┏━━

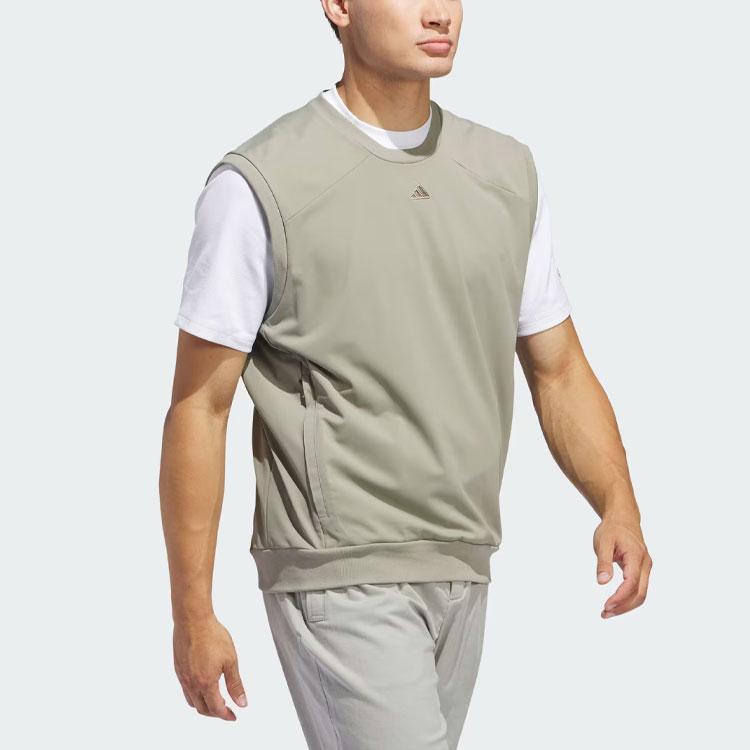 Adidas Go-To Vest Letter Pattern Print Round Neck Sleeveless Top Men Tops Pebble-Grey IU4713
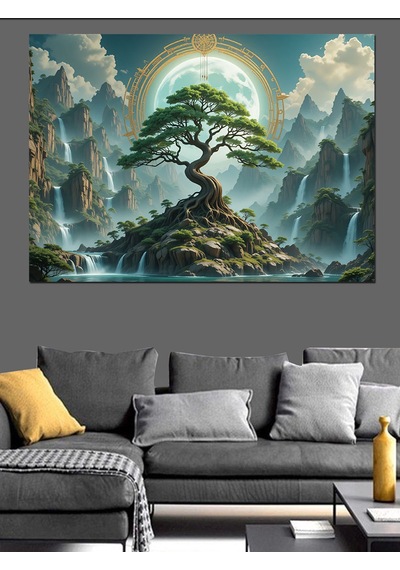 Dağlar Arasında Bonsai Ağacı Dekoratif Kanvas - Mdf Ahşap Tablo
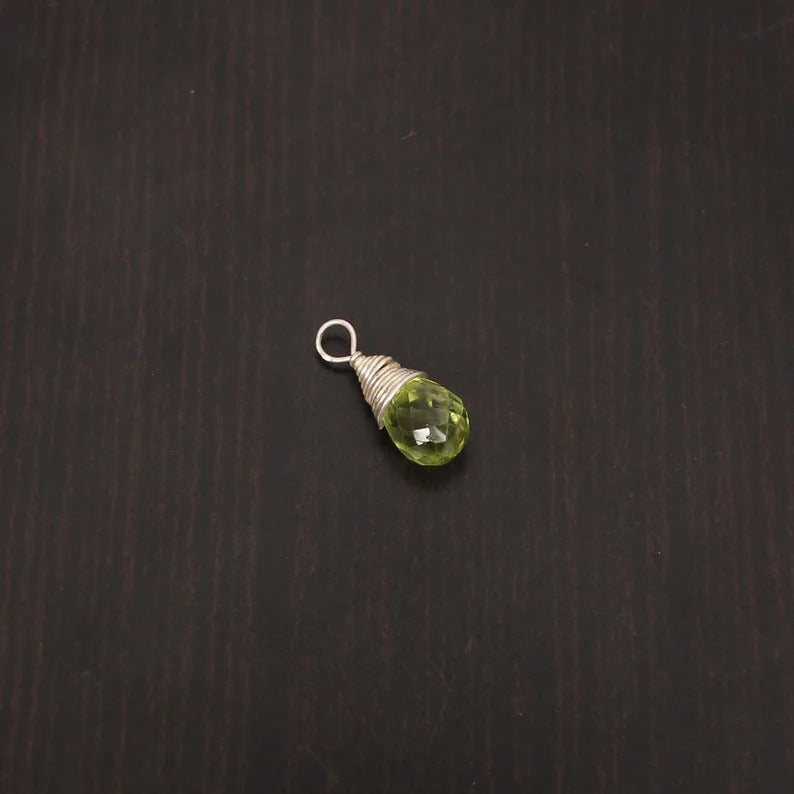 925 sterling silver, green peridot gemstone connector, august birthstone, gemstone connector, wedding pendant, gift for girlfriend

┗━━

# What you have to do
Please copy out the whole listing exactly as it stands, minus the pictures.

# Response to the exercise
 Adidas Go-To Vest Letter Pattern Print Round Neck Sleeveless Top Men Tops Pebble-Grey IU4713
 Dağlar Arasında Bonsai Ağacı Dekoratif Kanvas - Mdf Ahşap Tablo
 925 sterling silver, green peridot gemstone connector, august birthstone, gemstone connector, wedding pendant, gift for girlfriend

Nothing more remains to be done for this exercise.